Executive’s employment hereunder shall commence as of May 1, 2006, and shall end
December 31, 2008, unless terminated sooner pursuant to Section 7 of this
Agreement or extended by the mutual agreement of the parties. Executive shall
be
employed as the Executive Vice President, General Counsel and Secretary of
the
Company and shall devote his full business time, skill, attention and best
efforts in carrying out his duties and promoting the best interests of the
Company. Executive shall also serve as a director and/or officer of one or
more
of the Company’s subsidiaries as may be requested from time to time by the Board
of Directors.
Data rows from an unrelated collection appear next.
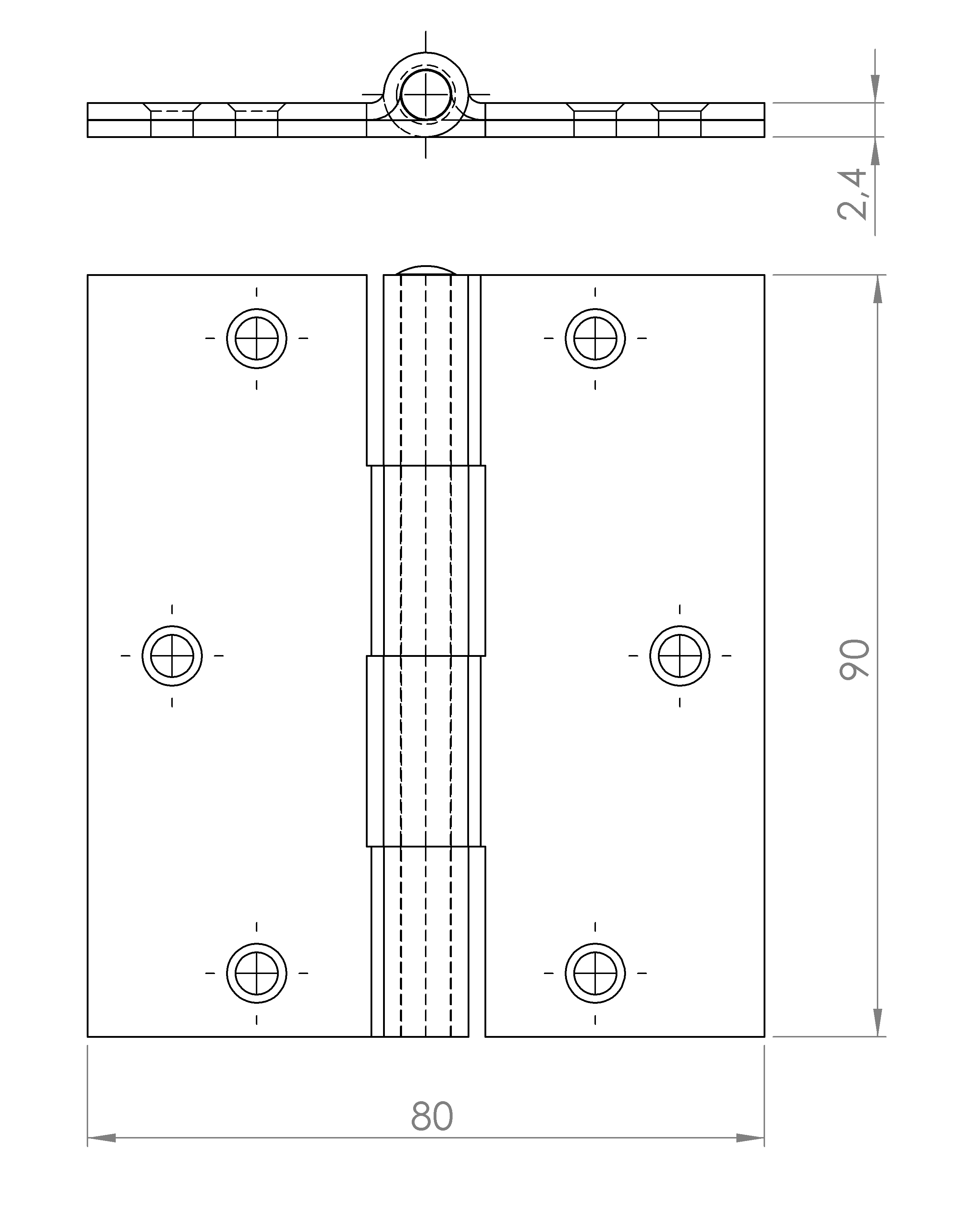 Scharnier, geschlagen, käntig (1028.9693) 3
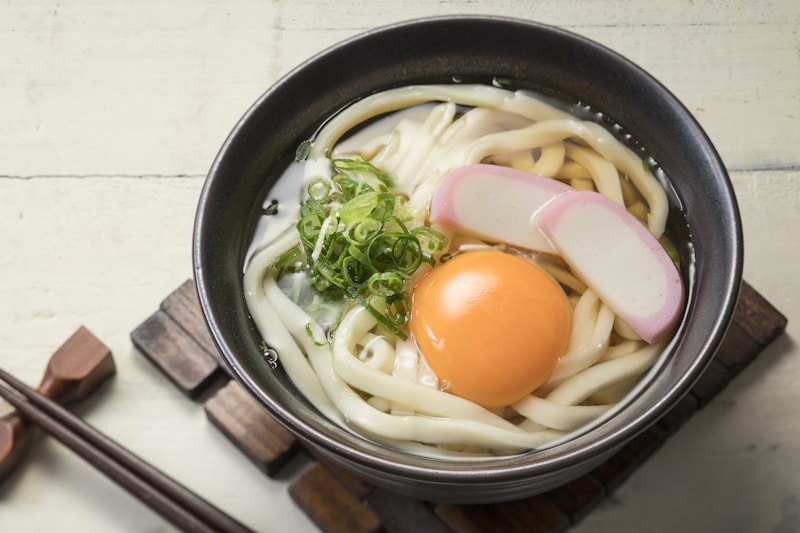 Tsumiki udon - Japan and raw eggs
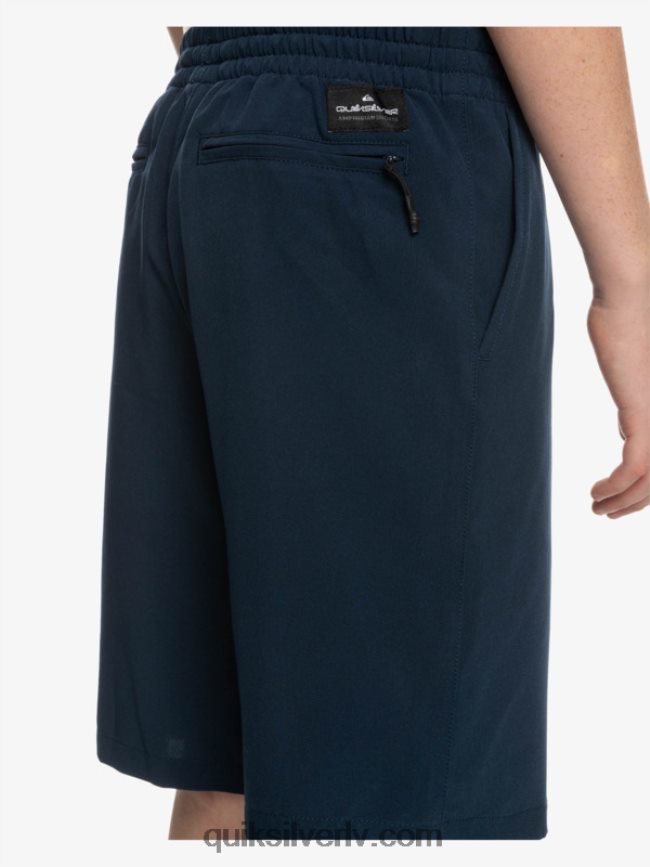 zēni Quiksilver 8-16 okeāna elastīgie amph yth 18 hibrīdšorti jūras žakete 88064R2256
Subject always to the instructions and control of the Board
of
Directors of the Company, Executive shall report to the Chief Executive Officer
of the Company and shall be responsible for all legal matters and the day
to day
administrative affairs of the Company.
Executive
shall not at any time while employed by the Company or any of its affiliates
(as
defined in the Severance Protection Agreement between the Company and Executive
dated as of May 1, 2006, (the “SPA”),
incorporated in this Agreement by this reference), without the prior consent
of
the Board of Directors, knowingly acquire any financial interests, directly
or
indirectly, in or perform any services for or on behalf of any business,
person
or enterprise which undertakes any business in substantial competition with
the
business of the Company and its affiliates or sells to or buys from or otherwise
transacts business with the Company and its affiliates; provided that Executive
may acquire and own a de minimus amount of the outstanding capital stock
of any
public corporation which sells or buys from or otherwise transacts business
with
the Company and its affiliates.
2.1 Base
Salary.
(a)
(i) Effective
as of May 1, 2006, Executive shall be paid an initial salary at the monthly
rate
of $29,166.67, which shall be paid in accordance with the Company’s normal
payroll practice with respect to salaried employees, subject to applicable
payroll taxes and deductions (the “Base
Salary”).
Executive’s Base Salary shall be subject to review and possible change in
accordance with the usual practices and policies of the Company. However,
Executive’s base annual salary shall not be reduced to less than
$350,000.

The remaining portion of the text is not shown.